Tempura Green Beans with Garlic Aioli Dipping Sauce

INGREDIENTS

Aioli

  • 1 egg yolk
  • 1 tsp. Dijon mustard
  • 1/3 cup olive oil
  • 1/3 cup safflower or peanut oil
  • 3 garlic cloves, finely minced
  • Salt and freshly ground pepper, to taste
  • Juice of 1/2 lemon
  • 2 Tbs. warm water, if using aioli as a sauce

Tempura

  • 1 cup ice water
  • 1 large egg, beaten
  • 3⁄4 cup sifted all-purpose flour, plus extra for dusting
  • 2 or 3 ice cubes
  • Peanut or vegetable oil for frying
  • 1 lb. green beans
  • Salt

DIRECTIONS

Aioli: In a bowl, whisk together the egg yolk, mustard and 1 Tbs. of the olive oil until an emulsion forms. Combine the remaining olive oil and the safflower oil in a pitcher. Drop by drop, add 2 to 3 Tbs. of the oil to the egg yolk mixture while whisking constantly. Once the mixture has thickened, add the remaining oil in a very fine, steady stream, whisking constantly, until all of it has been incorporated. Stir in the garlic and season with salt, pepper and lemon juice. If using the aioli as a sauce, whisk in the warm water to lighten the aioli and make it barely fluid.  Makes about 1 cup.
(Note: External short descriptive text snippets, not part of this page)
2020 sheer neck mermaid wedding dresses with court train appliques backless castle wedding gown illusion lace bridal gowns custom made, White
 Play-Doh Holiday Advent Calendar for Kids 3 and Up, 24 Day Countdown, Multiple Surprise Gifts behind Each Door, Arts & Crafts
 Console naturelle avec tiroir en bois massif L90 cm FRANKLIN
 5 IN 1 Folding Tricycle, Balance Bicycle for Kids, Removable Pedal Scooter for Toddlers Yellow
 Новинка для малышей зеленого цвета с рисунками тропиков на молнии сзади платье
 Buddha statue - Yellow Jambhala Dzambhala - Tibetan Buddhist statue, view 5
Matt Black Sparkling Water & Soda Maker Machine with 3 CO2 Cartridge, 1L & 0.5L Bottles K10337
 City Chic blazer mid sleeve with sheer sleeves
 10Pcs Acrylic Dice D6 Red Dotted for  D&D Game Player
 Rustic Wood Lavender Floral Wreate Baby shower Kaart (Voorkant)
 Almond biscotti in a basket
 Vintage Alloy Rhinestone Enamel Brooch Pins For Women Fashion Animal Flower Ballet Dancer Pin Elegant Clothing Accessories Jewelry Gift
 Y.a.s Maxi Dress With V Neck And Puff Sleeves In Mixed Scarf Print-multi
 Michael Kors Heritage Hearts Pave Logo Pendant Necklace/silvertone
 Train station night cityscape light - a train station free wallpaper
Tempura: In a bowl, whisk together the ice water and egg. Whisk in the 3⁄4 cup flour; the batter should be quite lumpy. Add the ice cubes. Pour enough oil into a wok or deep fryer to reach halfway up the sides and heat to 350˚F on a deep-frying thermometer. Working in batches, lightly dust the beans with flour, then dip in the batter, shaking off the excess. Fry, stirring occasionally, until crisp, about 3 minutes. Drain on paper towels and season with salt. Serve right away with the aioli for dipping. Serves 4.